Hanedan, DP, hizipciler ve nafile çabaları sadece zaman kaybı!

KKTC'de ekonomi yoluna girme şansına sahipti.

Kıbrıs Sorunu konusunda önemli gelişmeler oluyordu.


Türkiye ve KKTC tam bir uyum içinde bu zor coğrafyada dünya kamuoyu nezdinde iyi bir imaja sahiptiler.

Hanedan'ı ilgilendirmedi tüm bu olumlu gelişmeler. Onun derdi hanedanının çıkarlarıydı.


DP'yi ilgilendirmedi tüm bu gelişmeler. AK Parti ile arasını düzeltme yolunda giderken "harakiri" yapmayı tercih etti.

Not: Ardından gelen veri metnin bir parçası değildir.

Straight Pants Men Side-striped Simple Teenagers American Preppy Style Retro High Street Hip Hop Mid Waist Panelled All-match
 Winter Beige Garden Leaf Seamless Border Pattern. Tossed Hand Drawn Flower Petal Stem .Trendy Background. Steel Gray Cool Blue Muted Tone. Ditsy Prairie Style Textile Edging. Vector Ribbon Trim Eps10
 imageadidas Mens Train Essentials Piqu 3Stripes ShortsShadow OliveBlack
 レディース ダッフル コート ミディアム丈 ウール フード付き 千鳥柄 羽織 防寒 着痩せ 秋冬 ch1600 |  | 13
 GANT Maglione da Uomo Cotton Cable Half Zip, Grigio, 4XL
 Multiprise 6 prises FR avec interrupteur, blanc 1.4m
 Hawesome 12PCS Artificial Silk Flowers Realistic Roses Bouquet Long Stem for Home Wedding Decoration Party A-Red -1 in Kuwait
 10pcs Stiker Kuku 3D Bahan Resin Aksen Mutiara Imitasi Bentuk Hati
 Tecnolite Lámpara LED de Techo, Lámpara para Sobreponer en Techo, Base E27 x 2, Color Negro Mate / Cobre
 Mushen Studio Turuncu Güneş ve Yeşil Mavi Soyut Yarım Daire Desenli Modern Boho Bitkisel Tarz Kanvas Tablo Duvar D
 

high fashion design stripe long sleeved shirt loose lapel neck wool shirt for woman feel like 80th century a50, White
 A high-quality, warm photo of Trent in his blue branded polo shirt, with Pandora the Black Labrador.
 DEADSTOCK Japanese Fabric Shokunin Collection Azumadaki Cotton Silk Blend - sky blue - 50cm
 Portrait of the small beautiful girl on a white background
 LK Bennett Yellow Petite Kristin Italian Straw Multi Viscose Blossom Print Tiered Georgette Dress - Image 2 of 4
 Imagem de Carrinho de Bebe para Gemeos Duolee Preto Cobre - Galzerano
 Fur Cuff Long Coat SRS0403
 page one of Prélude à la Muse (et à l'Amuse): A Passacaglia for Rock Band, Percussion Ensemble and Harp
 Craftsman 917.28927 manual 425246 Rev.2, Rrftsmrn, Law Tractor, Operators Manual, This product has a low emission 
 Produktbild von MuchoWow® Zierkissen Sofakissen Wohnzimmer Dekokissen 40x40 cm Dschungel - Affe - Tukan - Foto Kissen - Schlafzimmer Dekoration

Kendi partilerini iktidardan düşürüp iktidar olmak isteyenleri ise hiç mi hiç ilgilendirmedi bu olumlu gelişmeler.

Onlarca yıl KKTC'de hep söz sahibi olup "bir eseri olmayan hanedan" paniğe kapıldı. Kışkırttı.

Soyadı ile belli bir yüzdeyi sağlama alıp ufak muhalifliğe abonman olmuş olan "olur ya belki iktidar olurum" telaşına düştü.


"Şimdi başbakan olamazsam sonra olamam" diyen ve "bakan iken istediğimi yaptırmadılar ve burnumdan getirdiler" diyenler ve de bir kaç arkadaşları da hanedanın eski gücüne güvenip bir güzel "gaza geldiler".

Olan KKTC'ye oldu.


Şimdi basın toplantısı yapıp "Biz koltuk ya da çıkar peşinde değiliz." diyerek aslında halkın gözündeki son "inandırıcılıklarını da" yitirenlerin "koltuk hırsı ve sevdası" açık bir şekilde ortada.


"Hanedan'ın tayfası ile iktidara gelemedik", "belki DP ile geliriz" ya da "ölmüş partiyi diriltip seçime girip hiç değilse vekil olup bu avantajları yitirmeyelim" mantığı ile KKTC politikasını ve KKTC'nin halkını gereksiz yere meşgul edenler ve de KKTC'ye zaman kaybettirenler nedeniyle Kıbrıs Türk Halkı bir seçim daha yaşamak zorunda.


Hanedan "28 Temmuz 2013 günü iktidara ortak olurum" rüyası görmekte ve şimdi tüm gücünü buna seferber etmekte.

DP'nin "hep kaybeden başkanı" "28 Temmuz 2013 günü bir kez olsun kazanayım" sevdasıyla planlar yapmakta.

Kendi partisine "sende mi Brütüs" dedirterek muhalefeti yaşatmaya çalışanlar "28 Temmuz 2013 günü partimiz muhalefete kendimizi iktidar koltuğuna" hedefinin peşinde çırpınmaktalar.

Türkiye " hanedanı", "DP'yi" ve "hizipçileri" izlemekte.


Aslında "bıktırdılar". Sadece Türkiye'yi değil. Aklı başında tüm Kıbrıslı Türkleri ve Türkiye'nin insanlarını.

Oysa şimdi ekonominin daha da iyi hale gelmesi için koşturmak vardı.

Oysa şimdi Kıbrıs Sorunu için ilk defa bu derece  yakınına gelinen "çözüm şansını" değerlendirmek vardı.


Oysa şimdi Güney Kıbrıs'ın itibarının yerlerde olduğu, Yunanistan'ın kendisi ile uğraştığı ve dünya kamuoyunun Kıbrıslı Türklere olumlu baktığı ve de Türkiye'nin dünyanın iddialı ülkeleri arasında yer aldığı süreçte Kıbrıslı Türklerin hakkını savunmak vardı.


Hayır!

İlla bizimle uğraşın diyorlar.

Dertleri "KKTC değil" kendi hesapları.

Ne diyelim "Allah bize sabır" onlara da "akıl, fikir versin".